Experiência bem lacrimogênia e inesquecível, Simone. Parabéns pelo relato.

Modesto

Enviado por Modesto Laruccia - modesto.laruccia@hotmail.com
Publicado em 17/01/2014

Nos anos cruéis da ditadura eu trabalhava no centro de São Paulo,e muitas vezes ficávamos sem poder sair do escritório e voltar para casa,pois a manifestação era intensa... eu era muito jovem e não percebia o valor destas manifestações,hoje quando vejo reportagens desta época sangrenta de tortura e horrores meu coração também dói em soliedariedade as famílias que perderam seus entes queridos tão cruelmente...
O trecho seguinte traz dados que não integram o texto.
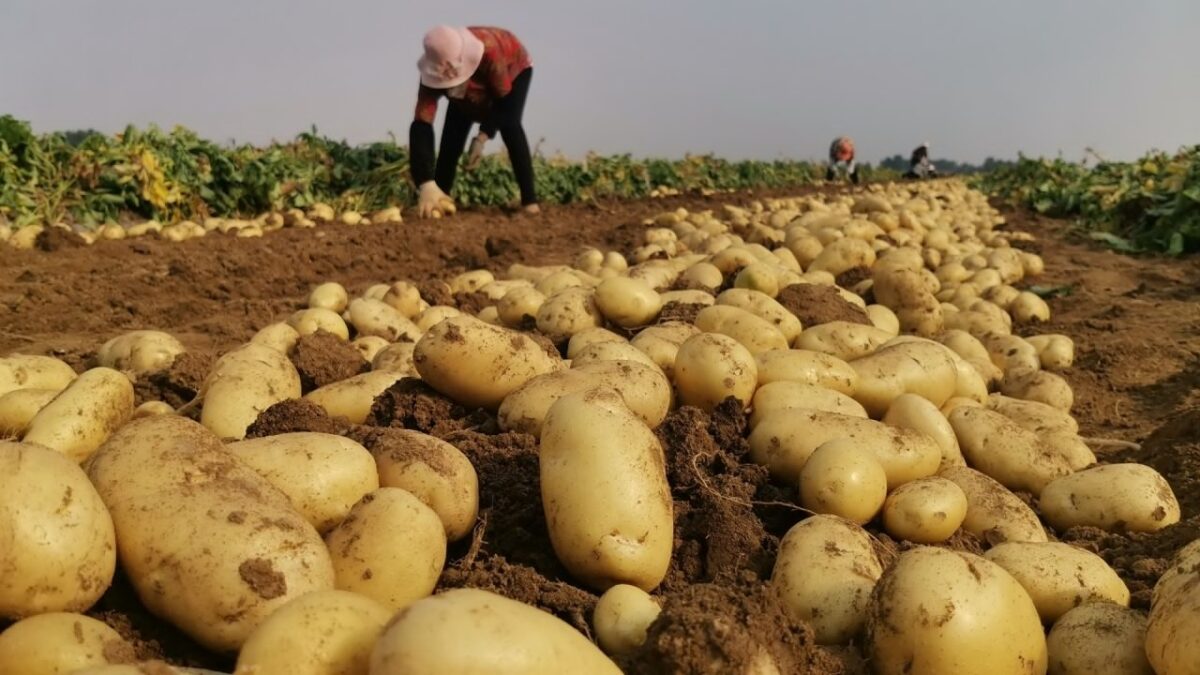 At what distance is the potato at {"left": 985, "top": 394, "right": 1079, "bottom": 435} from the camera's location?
3.40m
Enviado por Walquiria - walquiriarocha@yahoo.com.br
Publicado em 15/01/2014

Simone, ainda bem que tudo isso passou. Uma época que não me trás boas recordações.Um abraço.

Enviado por Margarida Pedroso Peramezza - margaridaperamezza@gmail.com
Publicado em 15/01/2014

Como você tem podido constatar, a coisa toda continua só mudou mesmo foram os mandantes, alguns até me parecem serem os mesmos que outrora, foram ou eram as vitimas. E parabéns pelas "belas" lembranças. Mande mais.